Introduction to Program Optimization [2002-11-10]

0) Foreword
--------------------------------------------

Any decent programmer equipped with a HLL can develop just about anything you want; where good and bad differ is program execution speed, size, portability, the time it takes to write, and maintainability / readability. This article will attempt to explore the field of optimization for speed & size. Unfortunately, this typically comes at the expense of the other factors involved. Unless you're doing it for fun or education, better make sure what you're tweaking is a bottleneck (profile [1] the program in normal operation).
Why should we optimize at all? Grossly suboptimal code wastes the user's time and electricity; consider the net economic loss of all your users having to twiddle their thumbs. Also, with improvements in program efficiency, your application can handle larger amounts of data with the same cost.
Sound good? Let's jump right in!


1) High level
--------------------------------------------

The first thing to do is make sure your design, data structures, and algorithms are sound. No sense in writing an extremely tight bogo sort [2], when it will likely be beaten by a simple implementation of heapsort.
Can you prove worst case computational complexity (Big-O notation)?

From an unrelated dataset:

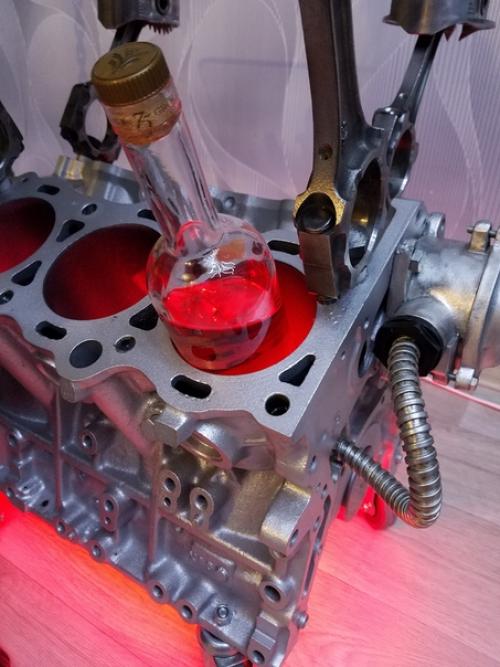 Вторую жизнь отработавшим железкам дал. 03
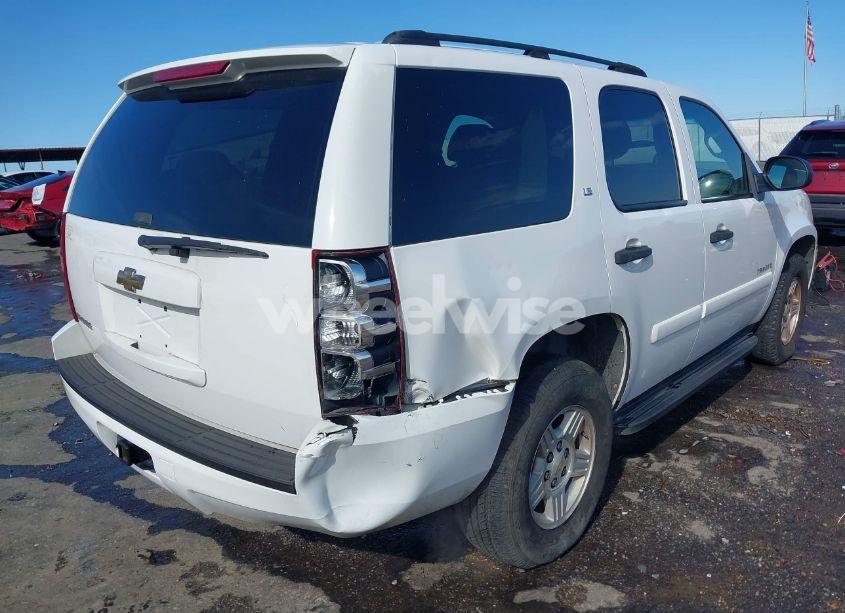 Photo 6 of 2007 Chevrolet Tahoe LS (VIN 1GNFC13C57R315418)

Also important is a basic understanding of what's fast, and what kills performance. Simple arithmetic / logic instructions such as +, -, ^, & [...] are very fast; multiplying a bit slower, dividing more so; complex floating point operations (e.g. exp, sin) much slower.

In the spirit of removing unnecessary code, hoisting (pulling invariant calculations out of a loop) can bring big gains.
Example:

int array[10][10];
for(int i = 0; i < 10; i++)
	for(int j = 0; j < 10; j++)
		array[i*10 + j] = i*10 + j;

=>

int* p = array;
for(int i = 0; i < 100; i++)
	*p++ = i;


2) Mid-level
--------------------------------------------

The biggest issues here are:
 
a) Memory Accesses

In the last few years, gains in CPU speed have far outstripped progress in reducing DRAM access latency. Memory is clocked much slower than the processor, and there's a long way from the CPU die to the DRAM slots.
One way of closing this performance gap is the use of a cache: a hierarchy of increasingly faster but smaller capacity SRAM, which can quickly service common memory accesses (cache hit), while deferring to the next slower layer / main memory for data not in the cache (cache miss).
Given the x86's serious lack of registers, computations can quickly become memory-bound; optimizing memory hits to take advantage of the cache can bring huge performance increases.

Now properly motivated, it may be good to return to old Computer Engineering textbooks and examine the operation of a cache. For reference, Athlon XP-class CPUs have 64 KiB of Level1 data cache, with 2x set associativity.

As a takeaway, consider the following simple guidelines:

- try to access memory sequentially (due to virtual memory fragmentation, pages may not actually be contiguous, but 4 KiB of sequential accesses is already a good start).

- do not access more than 2 separate buffers that may be mapped to the same cache lines. Example: when flipping an image vertically, do not use a row buffer; instead, copy the entire image and then overwrite the rows individually.

- use an optimized memcpy (see separate article) for performance gains of 300% and more.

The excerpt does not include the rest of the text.